A coach in North Carolina once cut Michael Jordan, thinking he wasn't quite good enough for high school basketball. That coach probably wishes he could have one back. A lot of coaches probably feel the same way about Dartmouth senior tight end Casey Cramer.

Cramer entered the 2003 season with 127 receptions, 1,782 yards, and 15 touchdowns at Dartmouth, ranking in the Big Green's top five in every category. Yet he almost didn't get the opportunity to play at all.

"I sent out game tapes to over 50 colleges, but there wasn't much response," says Cramer. The only Division I-AA schools to recruit Cramer were Lafayette, Harvard, and Dartmouth.

"There were some D-II and D-III schools, but there weren't a whole lot of options," Cramer recalls. "All the colleges...said I was too small or too slow to play, especially in the Ivy League."

He briefly considered not playing any football in college, but his passion for the game was too much to overcome. "I decided it would be crazy not to play," he says.

He persevered, and today it's safe to say Cramer has defied those who didn't believe in him.

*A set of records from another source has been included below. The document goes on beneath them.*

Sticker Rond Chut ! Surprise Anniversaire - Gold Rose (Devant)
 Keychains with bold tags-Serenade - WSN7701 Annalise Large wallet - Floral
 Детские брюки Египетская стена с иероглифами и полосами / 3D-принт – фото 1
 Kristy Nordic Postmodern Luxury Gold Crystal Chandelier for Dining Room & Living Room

Last season, he earned first team All-America honors from the American Football Coaches Association and the Sports Network, and second team from the Associated Press.

He was also named first team All-Ivy and an ECAC I-AA all star.

Contrary to his expectations three years ago, Cramer came into this season as one of the top players in I-AA. He was named to a couple of pre-season All-America teams. But he insists the recognition doesn't mean anything unless followed with accomplishments.

"The recognition is...just basically saying that you could be good," he says. "What would mean more is if I won some postseason awards because those say that you've had a good season."

He is proud he has been named a captain of the 2003 Big Green. "It's a little different in that I am kind of in the spotlight now," he says. "The guys really look up to you and see how you act on and off the field."

Last season Cramer finished eighth in the nation, with 72 catches, and became the fourth Dartmouth player to surpass 1,000 yards receiving in a season (1,017). Another season like that could have the NFL knocking at Cramer's door.

"It would be any kid's dream to play in the NFL, but time will tell, and it depends on my senior year," he says. "I'm not going to bank my life on it."

NY Rangers Draft Jessiman
Hugh Jessiman '06
Hugh Jessiman '06

Dartmouth sophomore forward Hugh Jessiman became the first Big Green player selected in the first round of the NHL Draft, going to the New York Rangers with the 12th overall pick. Jessiman was the highest ECAC player drafted since 1983 and one of only four ECAC competitors to be chosen in the first round.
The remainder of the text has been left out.